Virtual gene cloning is here. Full-length gene sequences can be obtained in a few hours in front of a computer rather than from weeks of intensive labour at the bench. Genes, their protein products and functions, and their equivalents in other species (homologues and orthologues), are being named, identified and published at an astonishing rate.

But one side-effect is a growing chaos in nomenclature. A single protein is often studied simultaneously by a number of independent laboratories, each using their own pet name and refusing to acknowledge other names or agreeing to accept a single label. This inevitably leads to problems for anyone trying to stay abreast of the literature.

Take, for example, the EphB2 receptor, a protein involved in signalling in the brain. This tyrosine kinase was originally isolated from the chick and published in 1991 as Cek5, but was subsequently referred to as Nuk, Erk, Qek5, Tyro6, Sek3, Hek5 and Drt according to species, tissue or function. Happily in this case, following a workshop in Heidelberg, a proposal was drawn up, in consultation with the human and mouse gene-nomenclature committees, to systematically rename this protein and its family members. The scientific community at large was alerted to the agreed nomenclature of EphB2 (Cell 90, 403–404; 1997), which has been used ever since.

But the speed with which genes are being identified surpasses the rate at which any consolidated naming strategy is being developed. And there are other worrying sources of confusion. In describing a gene or protein, researchers should explicitly declare all other associated names and functions. For example, a paper submitted to any journal describing a new gene with an assigned function should unambiguously state any previous literature on an ortho/homologue to help an effective review process and to avoid unnecessary confusion of the literature, even though this might undermine the authors' ability to lay claim to a new label of their own. In practice, such referencing is sometimes not as diligent as is desirable. Thus, on occasion, what appears as the characterization of many different genes actually reflects one protein studied by many independent laboratories. What is more, two or more groups simultaneously submitting for publication papers describing the same protein in different guises are seldom able to get together and rename before publication.

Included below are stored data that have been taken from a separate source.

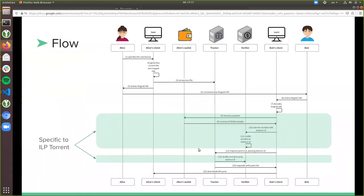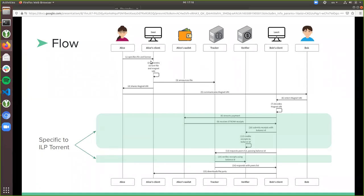Everything that is not green in this flow diagram is the same as normal WebTorrent. The green parts are the in-between steps to verify payments. I have Alice and Bob — both have a browser-based client. Alice created the content and is seeding it; Bob wants the content and is downloading (also called leeching). We have Alice's wallet, a tracker, and a verifier. Alice opens her client, specifies the file and license parameters, the client generates the torrent file and magnet URI, and announces it to the tracker.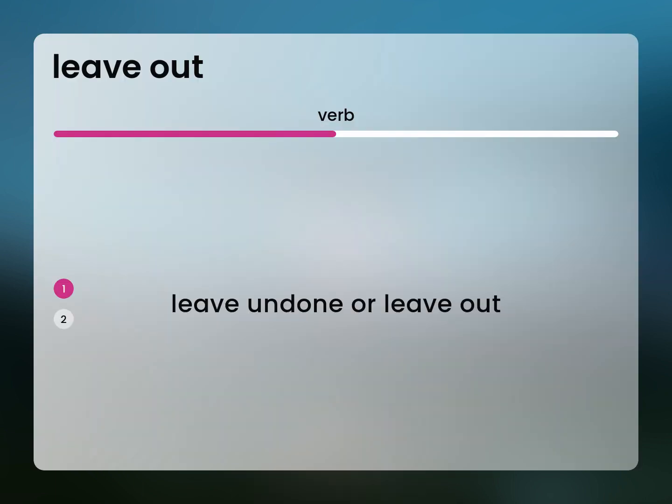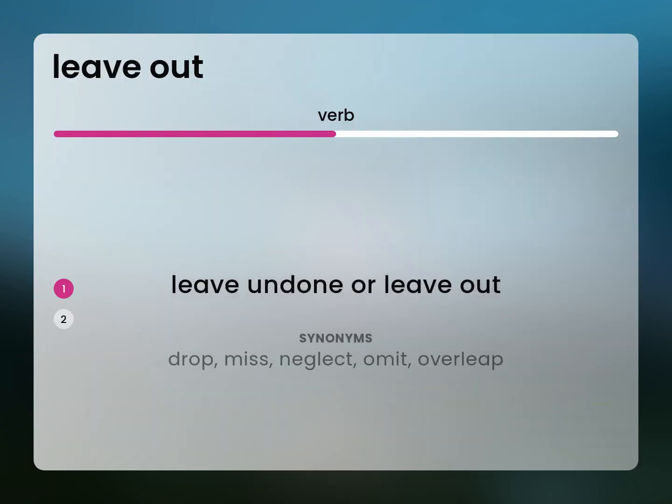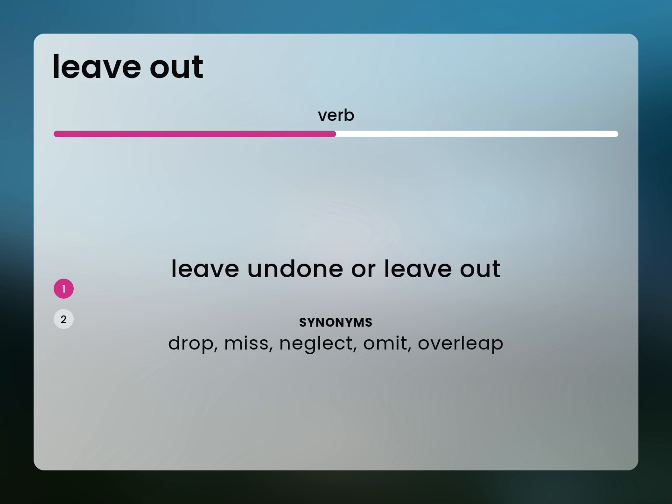Leave undone or leave out. Drop, miss, neglect, omit, overleap.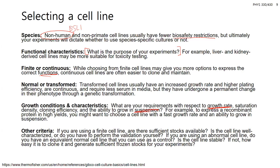Don't just use a cell line because others in the literature are using it — think of your end goal. Maybe another lab is using one cell line, but you want to go further; it might not make sense to use the same one. Reading the literature is good, but try to understand why they're using those microbiology techniques, rather than just repeating what others have done.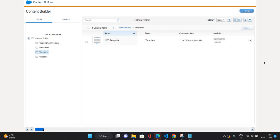Hello everyone, this is Abhishek Bahirwal, welcome to my channel. This is the continuation of the Salesforce Marketing Cloud series. In the previous video I showed you how to create a template in Marketing Cloud, and in this video I will show you how to create an email message using that template.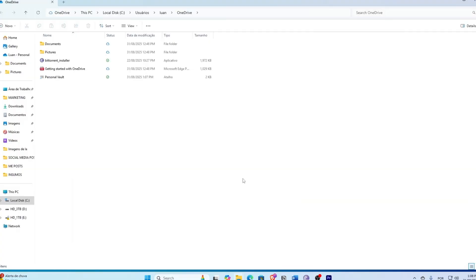Method number two is to move your files and folders into the OneDrive folder. After setup, the simplest way to sync is to move your files directly into the OneDrive folder.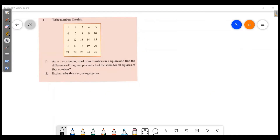Welcome friends, welcome to Master's Academy. We are going to start with the identities — a new chapter.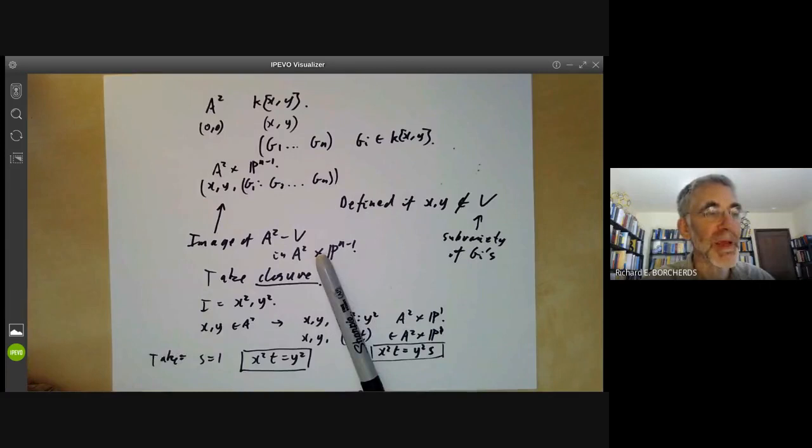The next lecture will be on another sort of birational map called the flop.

How might sanity, in the form of standard nomenclature, be helped to prevail? Those administering databases could play a much more important role. A database worthy of the name should be in a position to screen new entries and to insist on conformity to a nomenclature system as a condition of registration. With such a process in place, journals could impose a requirement of prior registration as a condition of publication. Whatever the process, it remains to be seen whether rival groups would agree to refer to proteins by their first published name unless otherwise decided by all authors concerned.

For its part, Nature will henceforth be more rigorous in requiring that authors of papers describing the function of a protein also state all other known names of that protein the first time it is mentioned in the text. This may seem like an incremental step in dealing with the problem, but it is a start to some urgently needed improved communication within and beyond the biology community.